The rise in Kongsberg’s shares is nearly double the growth of the main index at the Oslo Stock Exchange. It’s up 11.6 percent since November, even more than the New York Stock Exchange, which is up 10 percent.
“We’ve had strong growth in our market,” Frank Stølan, who leads Kongsberg’s communications systems division, told DN. Last week the company won a contract worth NOK 52 million for its antenne and radio systems from Comrod, another Norwegian company doing business with the military. The Rogaland-based firm thinks volume will increase.
“The signals are there,” Comrod chief Ole Gunnar Fjelde told DN. “There’s little indication, at any rate, that there will be any reduction.”
‘Generally positive effect’
Trump promised to boost defense spending during his presidential campaign and made it clear he expects US allies in NATO to do the same. “Many countries see that they need to boost the defense budgets they have,” Stølan told DN. “I don’t think they’re going to go down in either America or Europe.”
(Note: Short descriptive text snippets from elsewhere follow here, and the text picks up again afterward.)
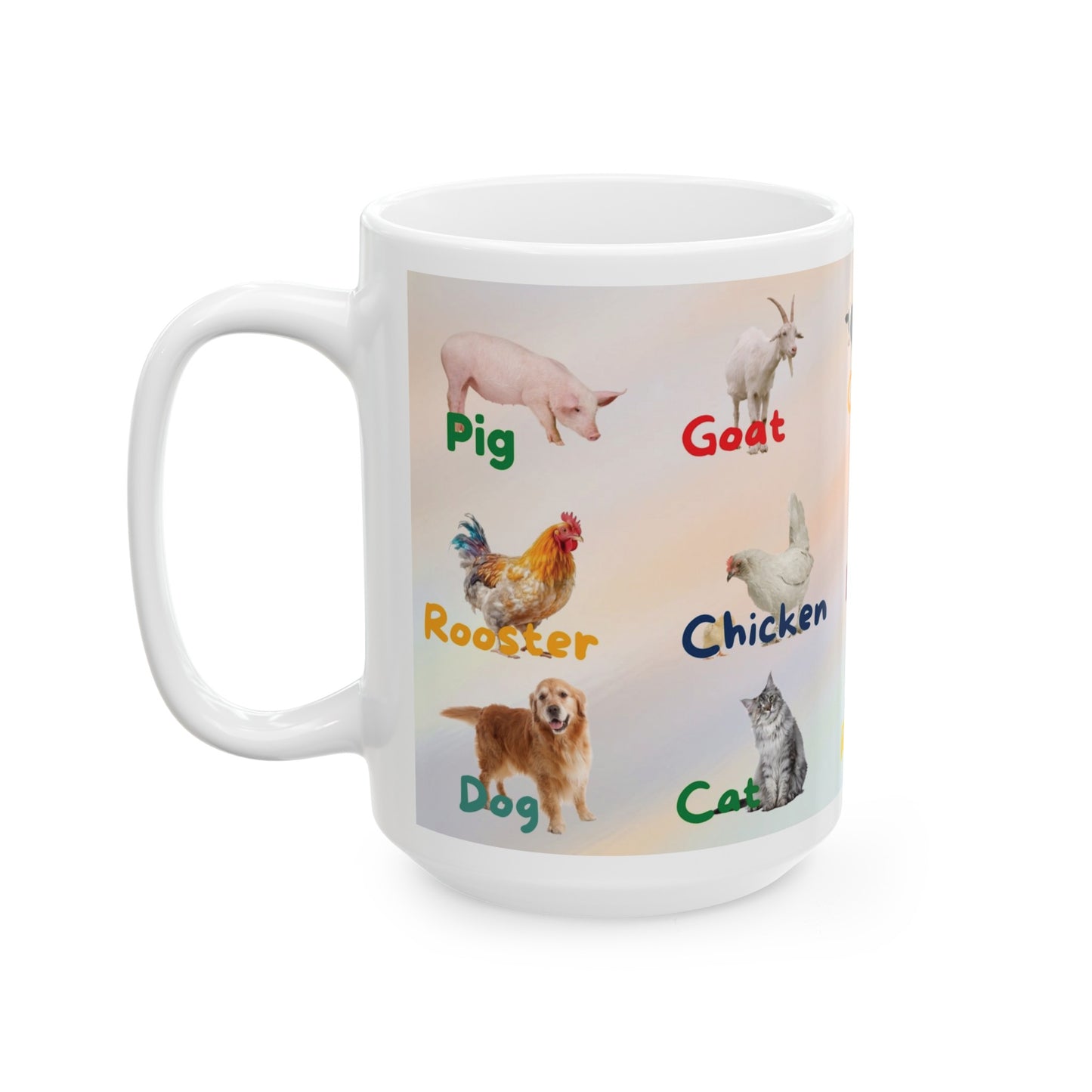 Farm Animals Learning Mug. Early learning for your preschool or kindergarten kids.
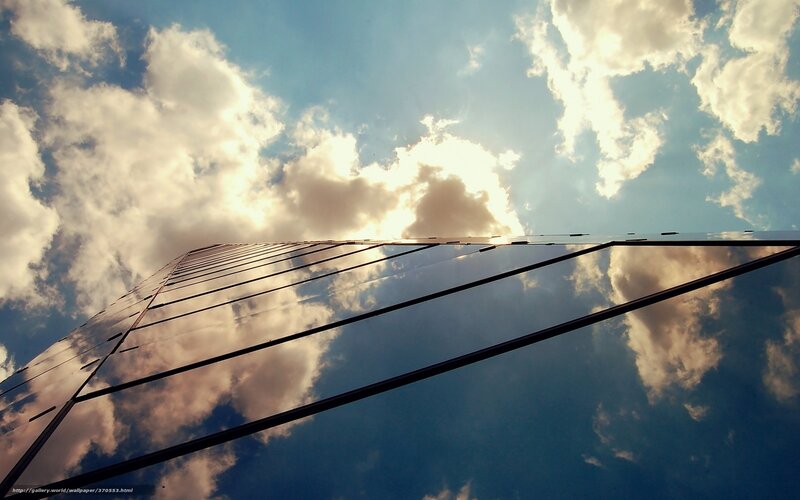 Glass Skyscraper Facade — Blue, Dramatic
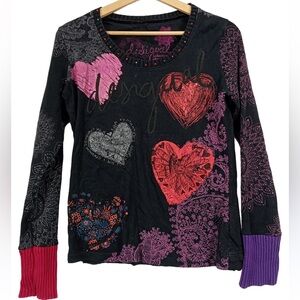 Desigual Women’s Long Sleeve Shirt with Heart Design Size Small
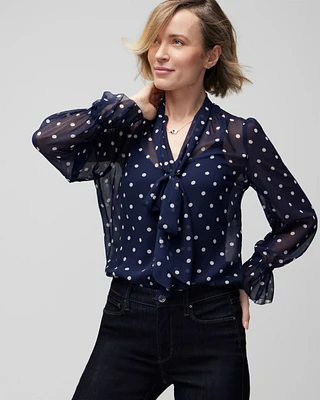 Long Sleeve Tie Neck Blouse
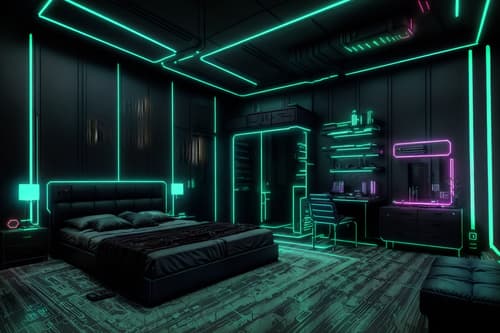 photo from pinterest of cyberpunk-style interior designed (bedroom interior) with headboard and night light and bedside table or night stand and plant and dresser closet and storage bench or ottoman and bed and mirror. . with synthwave and cyberpunk lights and cyberpunk style and minimalist and futuristic cybernetic details and black lights and military uniforms and gear and bladerunner style. . cinematic photo, highly detailed, cinematic lighting, ultra-detailed, ultrarealistic, photorealism, 8k. trending on pinterest. cyberpunk interior design style. masterpiece, cinematic light, ultrarealistic+, photorealistic+, 8k, raw photo, realistic, sharp focus on eyes, (symmetrical eyes), (intact eyes), hyperrealistic, highest quality, best quality, , highly detailed, masterpiece, best quality, extremely detailed 8k wallpaper, masterpiece, best quality, ultra-detailed, best shadow, detailed background, detailed face, detailed eyes, high contrast, best illumination, detailed face, dulux, caustic, dynamic angle, detailed glow. dramatic lighting. highly detailed, insanely detailed hair, symmetrical, intricate details, professionally retouched, 8k high definition. strong bokeh. award winning photo.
Anne Gjøen, chief analyst at Handelsbanken, calls it the “Trump effect.” She said Trump “has had a generally positive effect on the stock market, but an extra good effect on the defense industry.” Elisabeth Holvik of Sparebank1-gruppen agrees. Defense is one of several Norwegian industries that can make money on the new US president, she said. Technology firms and shipyards are others.
While Trump has confounded and angered world leaders over his rash of executive orders that included a ban on entry to the US for refugees and citizens of seven mostly Muslim countries, his promises on tax reform, investment in infrastructure and deregulation can all spur growth in the minds of investors. Others think Trump may get undue credit for it, though, since several leading economic indicators were rising long before the election was held. Norway’s economy, battered by the dive in oil prices, was believed to have bottomed out last fall and be back on the rise.
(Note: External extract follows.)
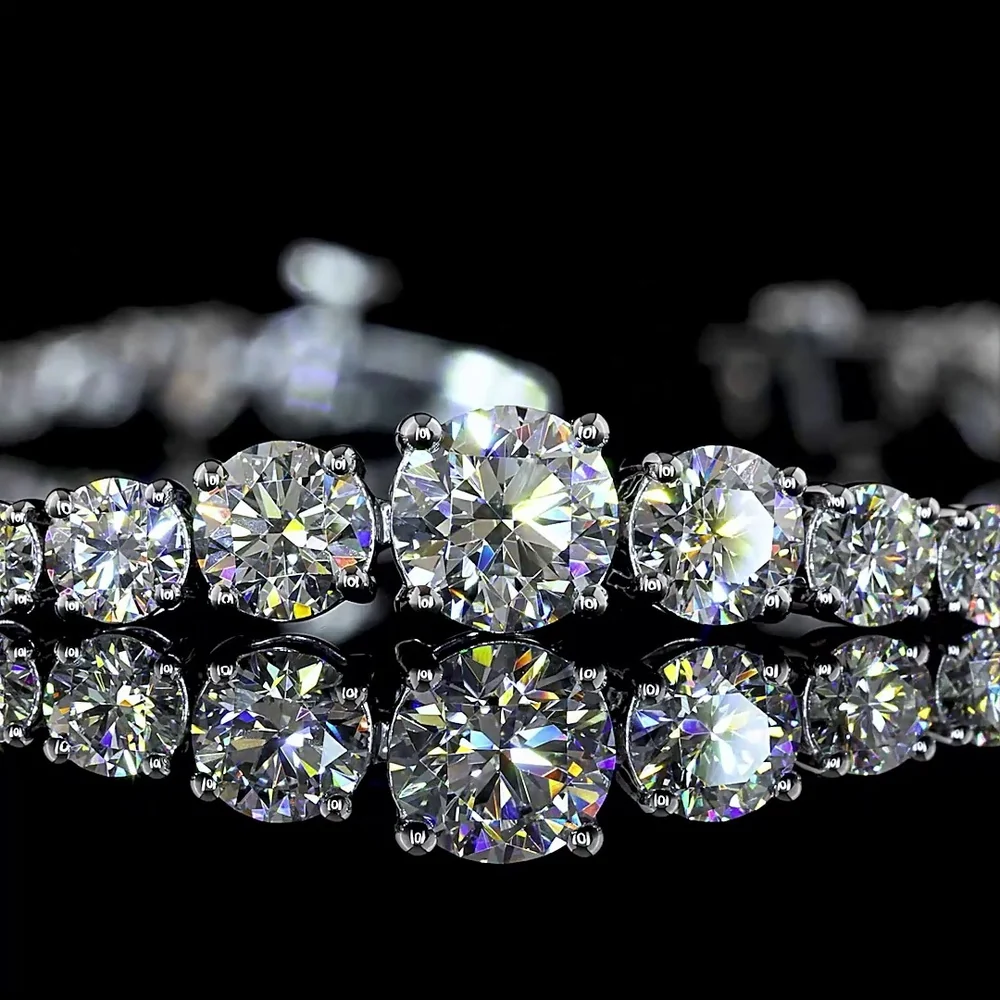 14K White Gold Station Line Tennis Bracelet with Round and Heart Shape Lab Diamonds - 5.70 Carats Total Diamond Weight - Covaloro Fine Jewelry - Image 2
That’s clear in the still-booming real estate market and especially in the strong sales of holiday homes that can cost millions of kroner. Even in hard-hit Rogaland, the traditional heart of Norway’s oil industy, demand for luxurious cabins in the mountains of Sirdal is high. “There’s still a lot of money in the district,” Njål Østerhus, who talks about a “bonanza” in holiday home sales, told DN. “Not everyone was working in the oil business. There are many companies that are doing well and many people who are inheriting large sums of of money.” They’re not hesitating to spend anywhere from NOK 7 million to more than NOK 12 million on a vacation home.
Norsk Industri, however, the national trade association for industrial employers, was ringing some warning bells this week when it issued a report showing that uncertainty among Norwegian export firms was higher than it had been in many years. Trump has jeopardized the future of many multilateral trade deals that lots of countries have spent lots of time negotiating, and his “America First” slogan raises fears of protectionism that will make it much more difficult to do business in the US.
“For a country like Norway that bases itself on so much export, we don’t like protectionism,” Knut Sunde, a director of Norsk Industri, told Norwegian Broadcasting (NRK) on Tuesday. Norwegian farmers are famously protectionistic and fear competition from abroad, but not most of the rest of the country’s business and industrial base.
“International agreements form the foundation for export industry, and when they’re thrown out and we don’t know what the outcome will be, it generates a lot of uncertainty,” Sunde said. “The problem now is both Brexit (which will require a new trade deal Britain) and that Trump is coming with completely new attitudes that are tearing up agreements and creating great uncertainty for the international economy and export opportunities.”
He calls that “bad news for a small, open economy like Norway’s.” Restored diplomatic and trade relations with China will help, however, with seafood sales alone expected to boom.